Rocket Lab launches an inspection satellite to examine space debris

Rocket Lab has successfully launched the ADRAS-J satellite into a 600-kilometer orbit. It will be engaged in the inspection of space debris.

The ADRAS-J satellite approaches the H-2A rocket stage (concept). Source: Astroscale

The ADRAS-J was built by the Japanese company Astroscale by order of JAXA as part of the CRD2 program. The main task of the 150-kilogram spacecraft is to demonstrate the possibility of removing large fragments of space debris from orbit.

The target of ADRAS-J is the upper stage of the H-2A rocket, which has been in orbit since 2009. Its length is 11 meters, its diameter is 4 meters. ADRAS-J is supposed to get closer to the stage and inspect it. This data will be used to prepare the second stage of the program, during which a spacecraft will be sent to the stage, which will try to bring it out of orbit.

This is the second Astroscale mission, the main task of which is to develop the technologies needed to clean up space debris. The first one was launched in 2021 by ELSA-D. It was a bundle of a 184-kilogram maintenance and a 16-kilogram client satellite. The purpose of the mission was to develop technology for orbital rendezvous and docking with other spacecraft.

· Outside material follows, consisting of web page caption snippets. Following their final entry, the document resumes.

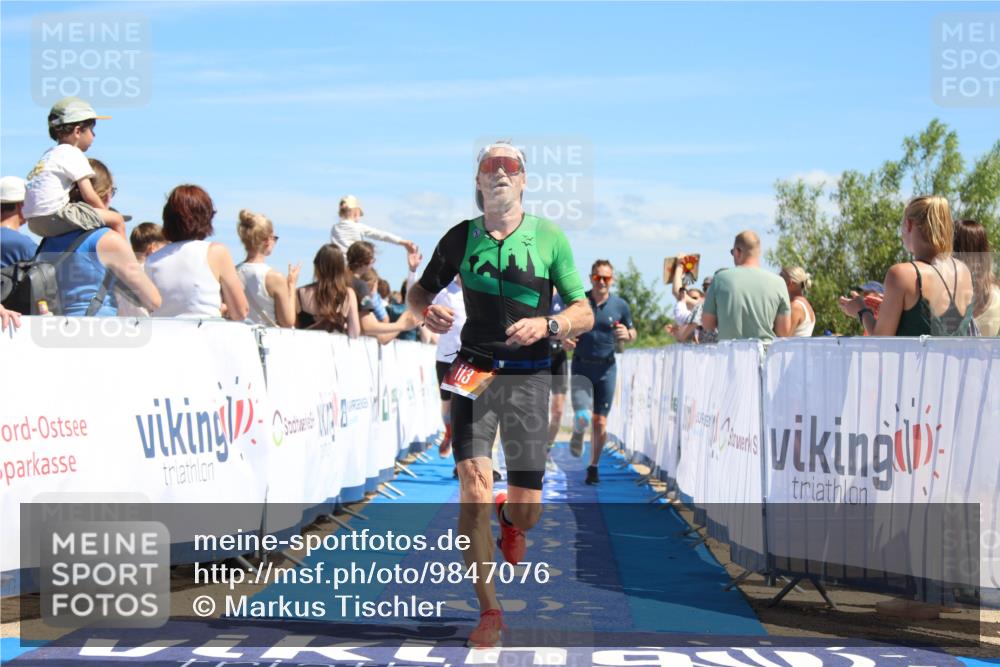 21.06.2026 - Viking Triathlon Markus Tischler http://msf.ph/oto/9847076 21.06.2026 15:06:35 Ziel 113, 205, 627 meine-sportfotos.de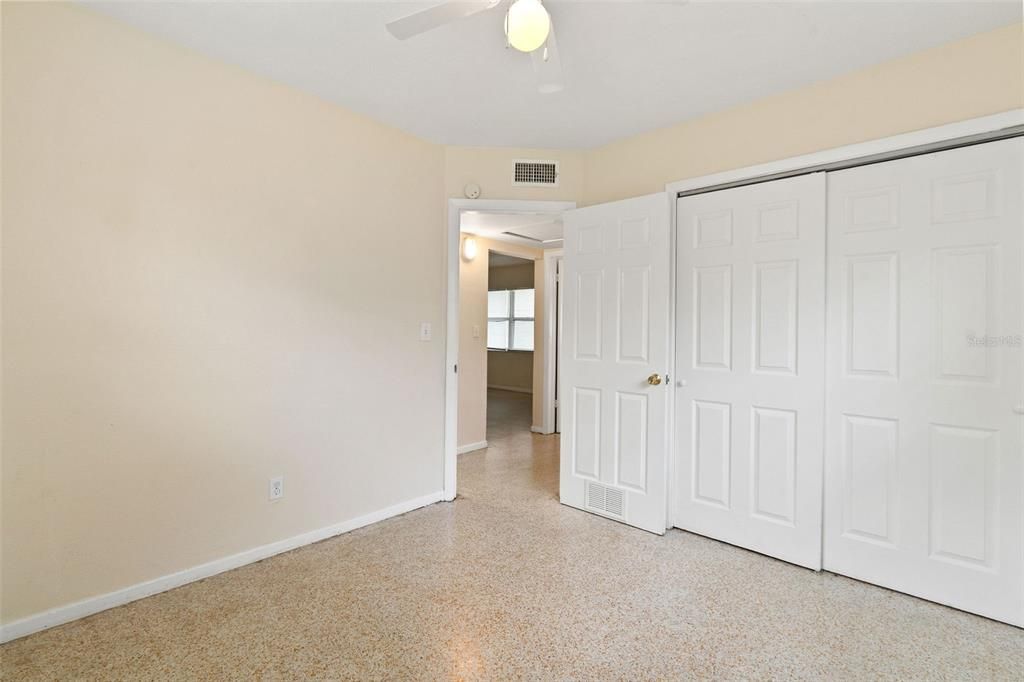 For Rent: $2,400 (4 beds, 2 baths, 1215 Square Feet)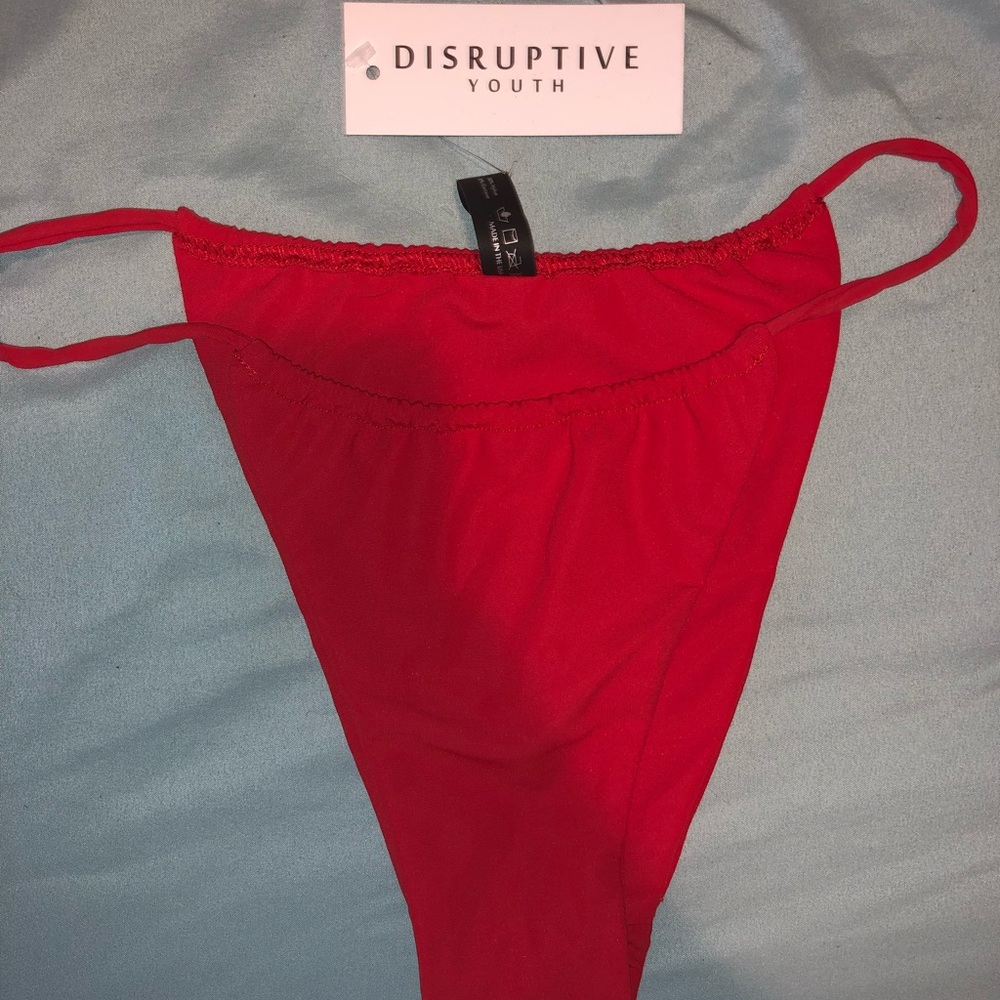 Bikini bottoms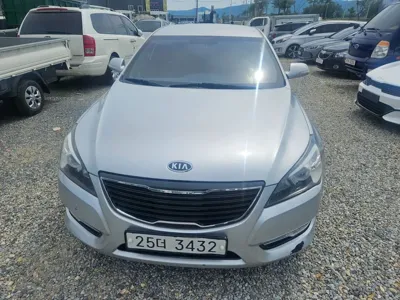 Kia K7 · 2011 год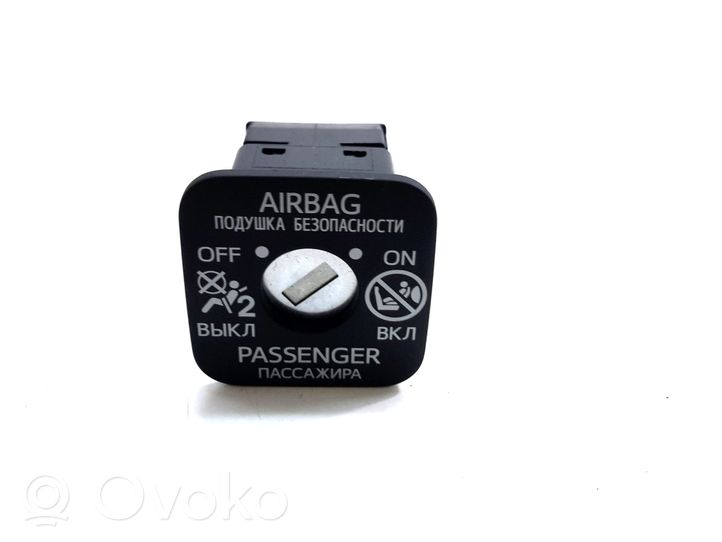 Toyota Prius (XW50) Interrupteur commutateur airbag passager 6906512460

After entering orbit, the satellites separated and then docked again. In 2022, Astroscale repeated the experiment, increasing the distance between the vehicles. However, this time the operation failed due to a malfunction of the engines of the servicing satellite. In the future, Astroscale specialists still managed to work out the rendezvous operation, but due to unresolved problems with the engines, the re-docking never took place.

On January 24, 2024, Astroscale announced the completion of this mission. According to the company, the servicing spacecraft will descend from orbit in about three and a half years, and the client spacecraft, which does not have a propulsion system, should descend from orbit within five years.